Skip to content

Ruby Server Scraper

As shared in a previous post, been looking into expanding my existing homelab and the number of sites that sell used hardware is very limited and having to depend on sites like craiglist, Facebook marketplace was simply not going to cut it, cause first of all I no longer use my Facebook account and craiglist has always been fishy in my opinion...also have had some crappy experiences in there so no thank you. I had 2 options, either find something in reddit's communities or keep an eye on a local store here in Minnesota that basically sells used hardware at very decent prices, shout-out to FGTW for having such sweet components and close to home - https://www.freegeektwincities.org/

So instead of me visiting the site every day, figured I could automate the entire process, cause that's what software engineering is all about!.

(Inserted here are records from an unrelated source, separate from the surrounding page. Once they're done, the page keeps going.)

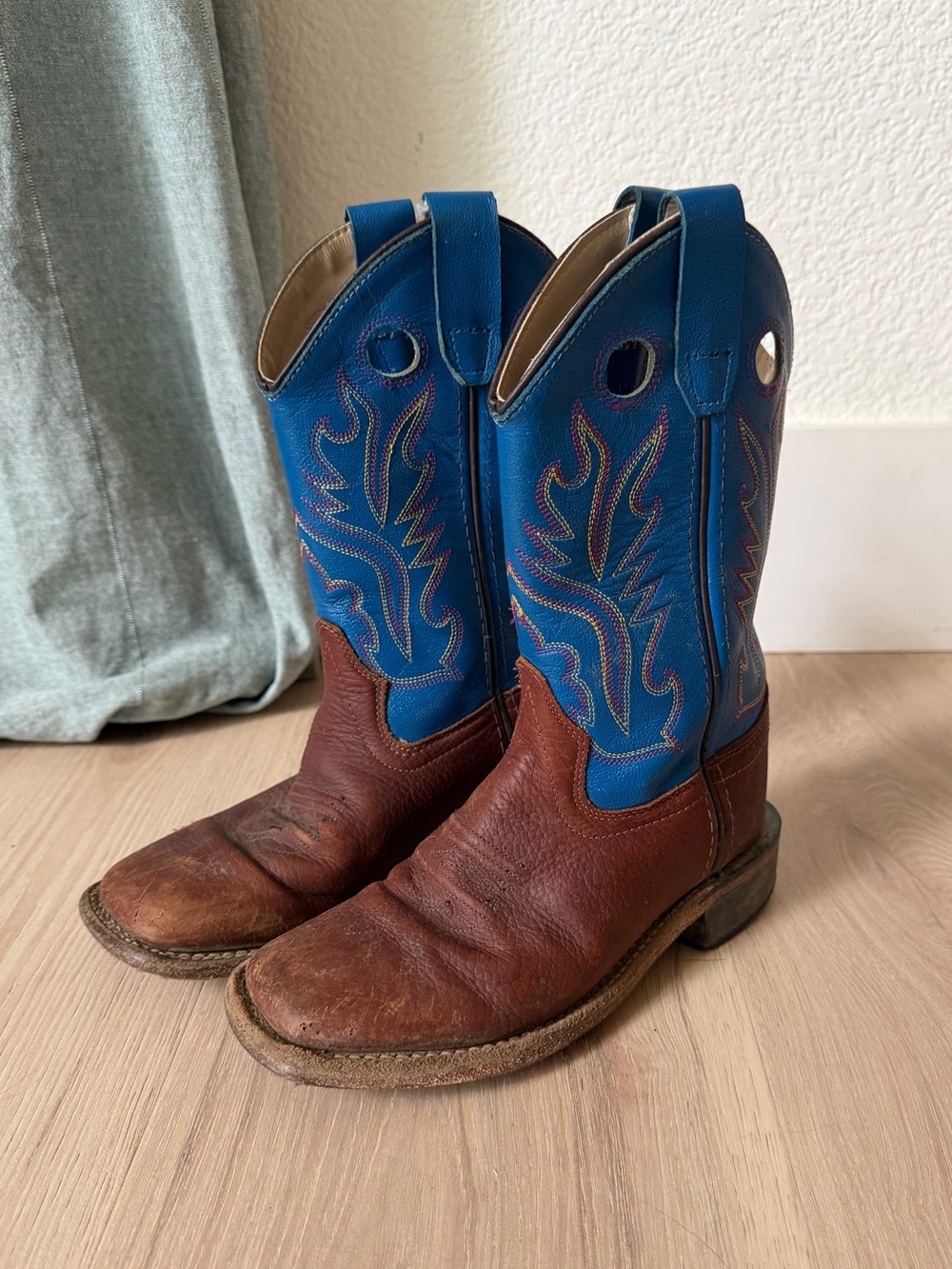 Cody James Western Cowboy Boots - Genuine Brown Leather - Size 1 Youth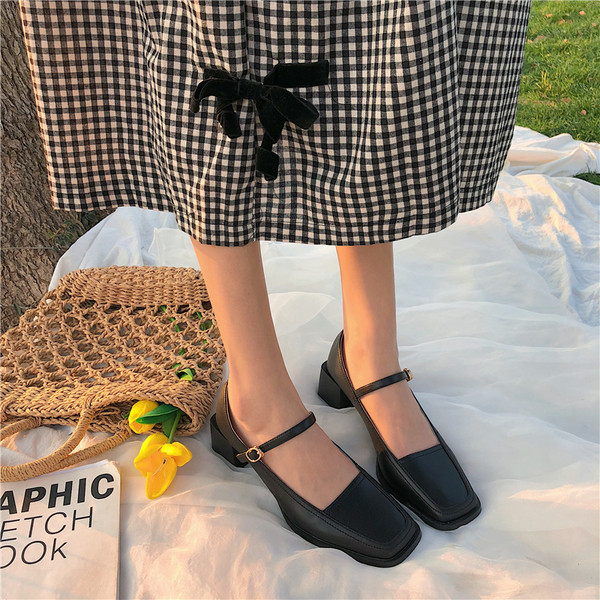 Női alkalmi cipő alacsony 5 cm-es sarokkal és pánttal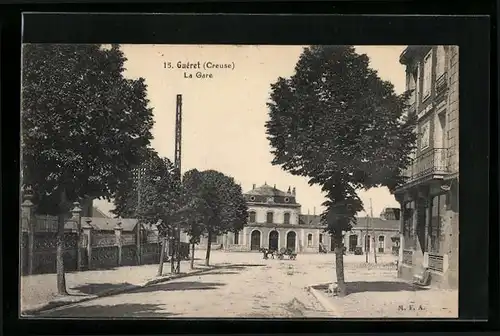 AK Guéret, La Gare, Bahnhof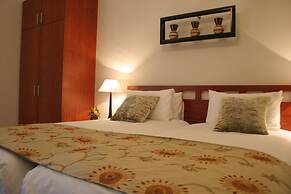 Cascade Country Manor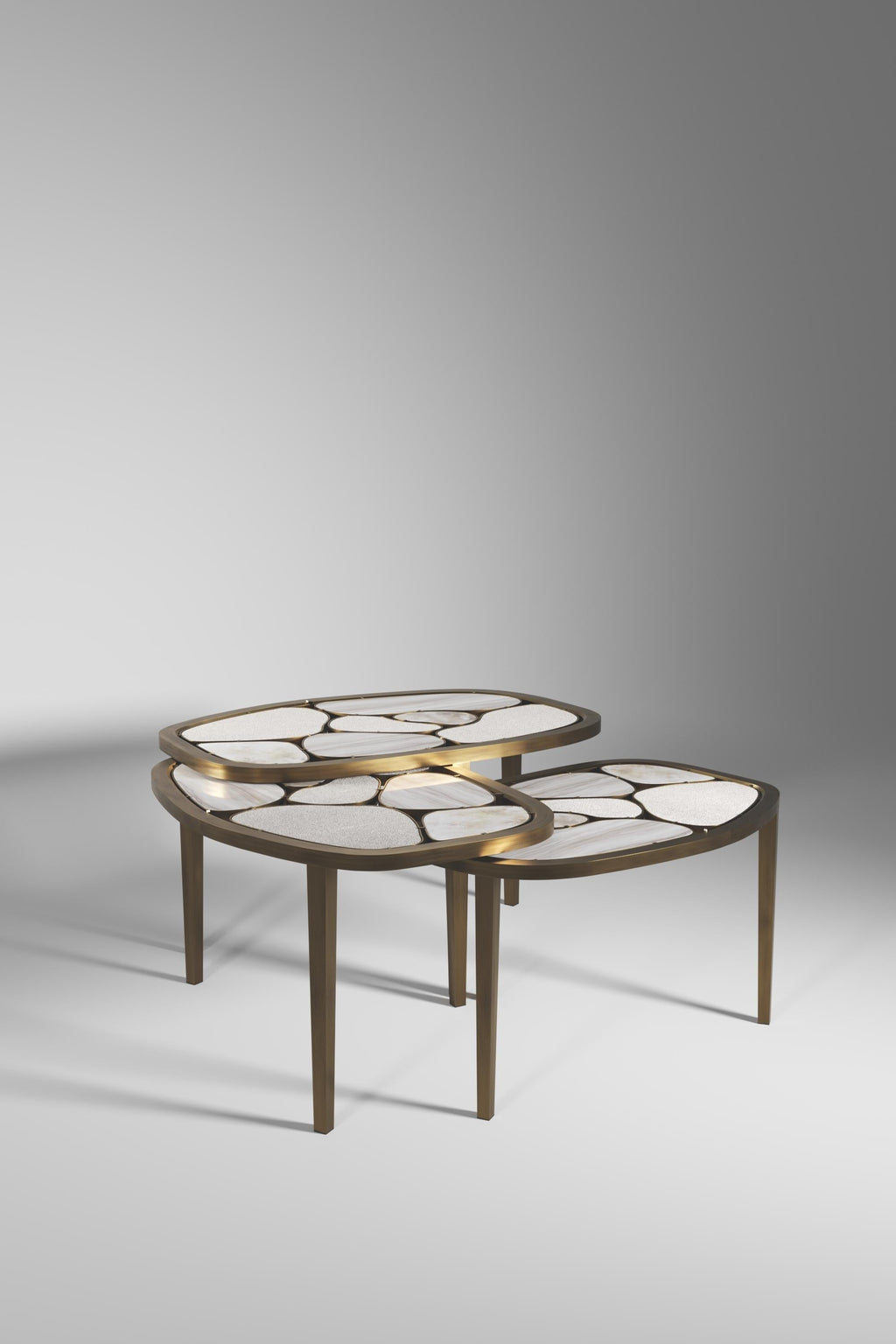 https://a.1stdibscdn.com/shagreen-quartz-onyx-nesting-coffee-table-with-brass-details-by-kifu-paris-for-sale-picture-5/f_45491/f_468170821758854110121/Coffee_Tables_Nesting_D1_STN10_STN90001_master.jpg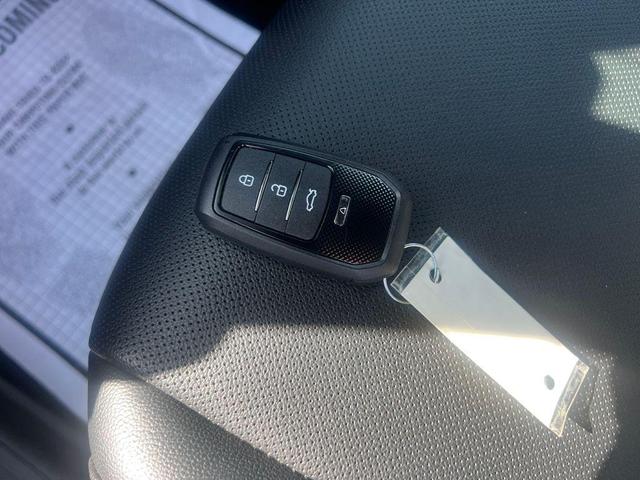Photo of 2024 Wolf Gray Kia Sportage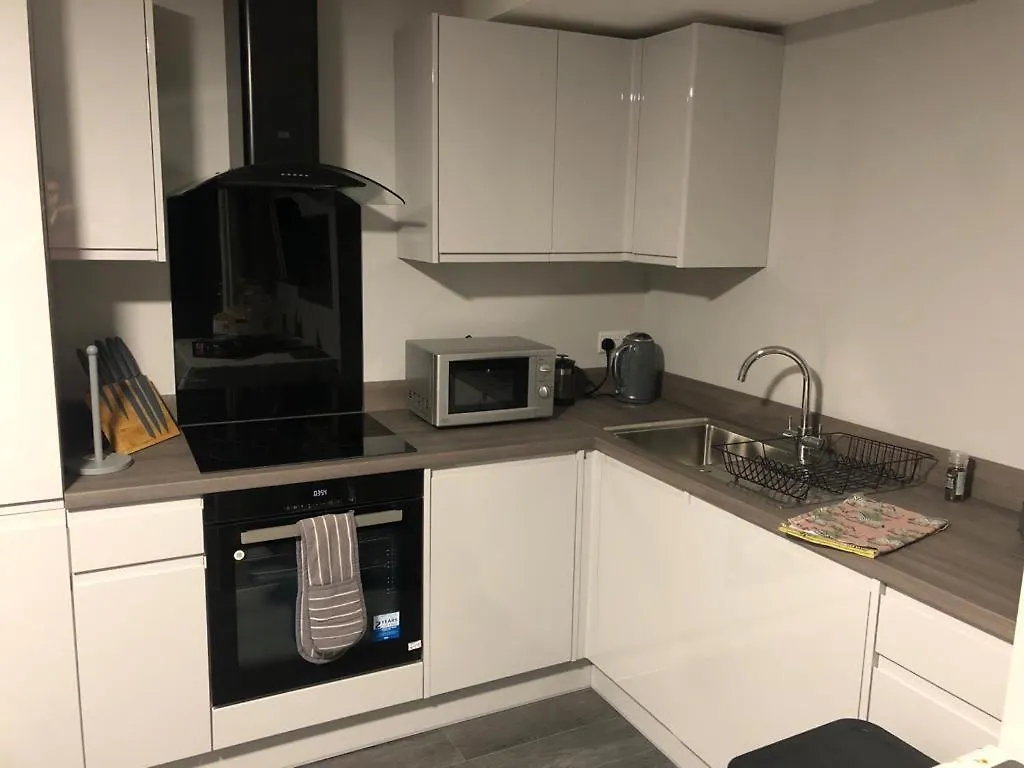 1 Bedroom Ground Floor Apartment Bournemouth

Now I've done web scrapers before in python using beautifulsoup and requests, I wanted to try to do it in another language so Ruby was chosen given on how much I have to use it at work figured it would be a good problem to solve, because that's how you really learn a new language, by solving a problem you currently have.

Enter Ruby

Ruby feels familiar to me in a sense that I can almost read it as as if it were a book, similar experience with Python, with some minor syntax changes which I won't explain here but a quick search will you tell you the main things that sets them apart.

I would argue it's a good first language for anyone to learn. Its OOP based and has a very active community with tons of packages that do all sorts of magical things. Has some good and cherished frameworks so give it a try.

So that being said, here's the logic for the scraper.

  1. Start a web process/make a request to the site with HTTParty - equivalent to requests.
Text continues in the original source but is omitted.